Upsolve received seed funding from Y Combinator, the Legal Services Corporation, the Robin Hood Foundation, Harvard University, and former Google CEO Eric Schmidt.

Upsolve was inspired by the Financial Distress Research Project, launched by Professors Jim Greiner (Harvard Law School), Dalié Jiménez (University of California, Irvine School of Law), and Lois Lupica (University of Maine Law School) to study the effectiveness of self-help material in assisting low-income Americans through their legal problems. In 2016, Upsolve spun out of the Access to Justice Lab at Harvard Law School.

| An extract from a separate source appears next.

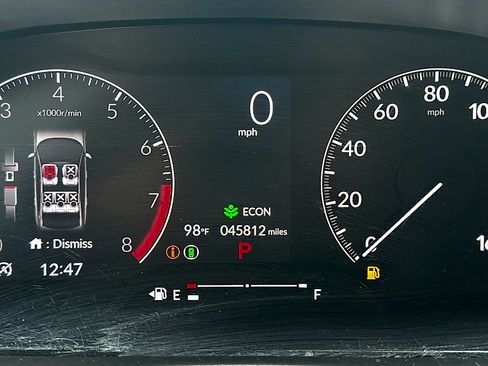 Used 2024 Honda Civic Sport image 27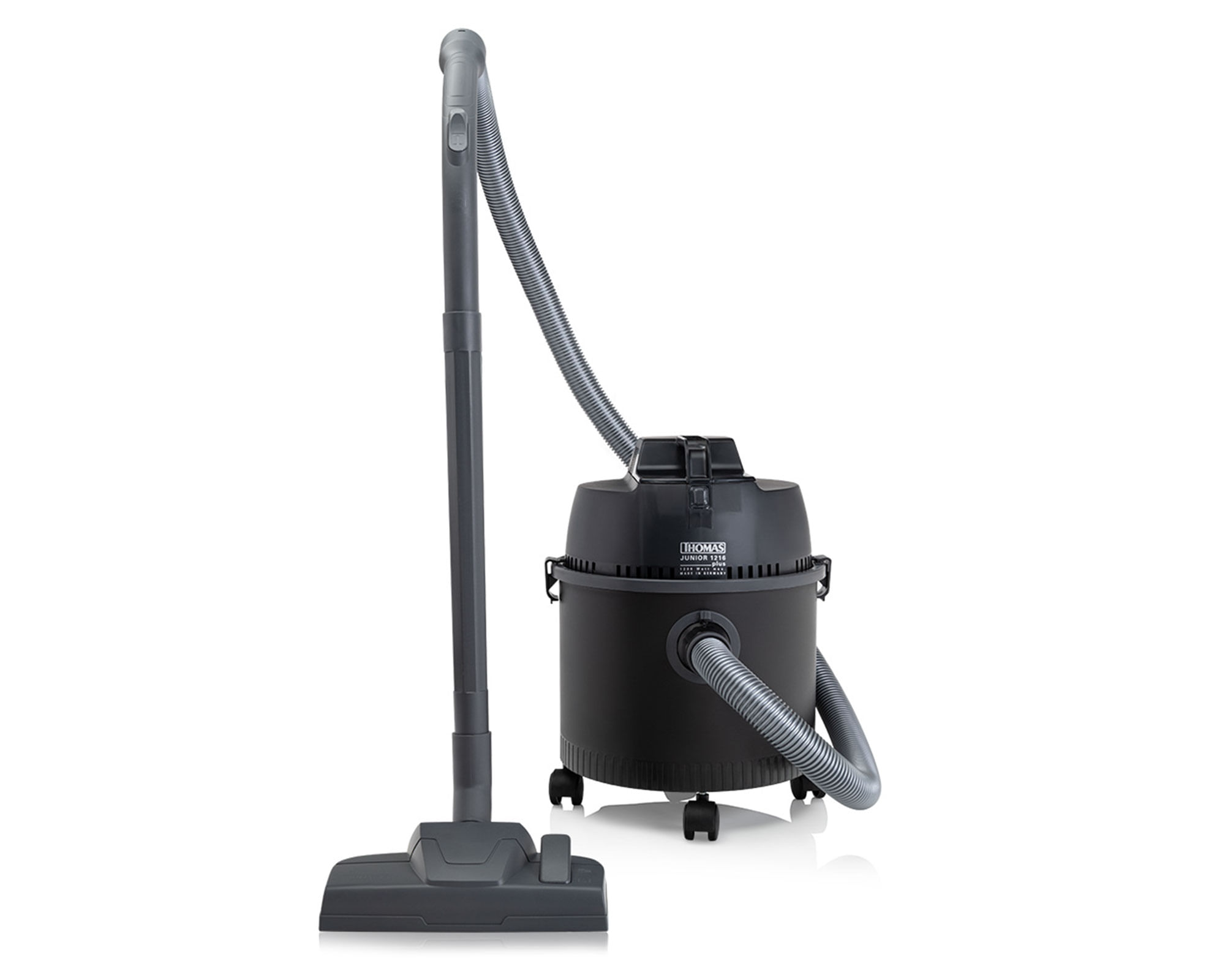 Aspiradora Polvo y Agua Thomas TH-1516 1500W Negra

Upsolve began by serving low-income residents of New York City before expanding to the rest of the United States.

Process 

Users take an online screener to see if they qualify for assistance from Upsolve. If they qualify, users then answer a series of questions on the Upsolve web application about their financial situation. When users finish answering questions, Upsolve's application populates the bankruptcy forms.

After the paperwork review is finished, users print and deliver their completed bankruptcy paperwork to the court on their own. Upsolve is free for end users.

In 2020, TIME named Upsolve to its annual 100 best inventions of the year list. In 2018, the American Bar Association Journal named Upsolve a top web tool.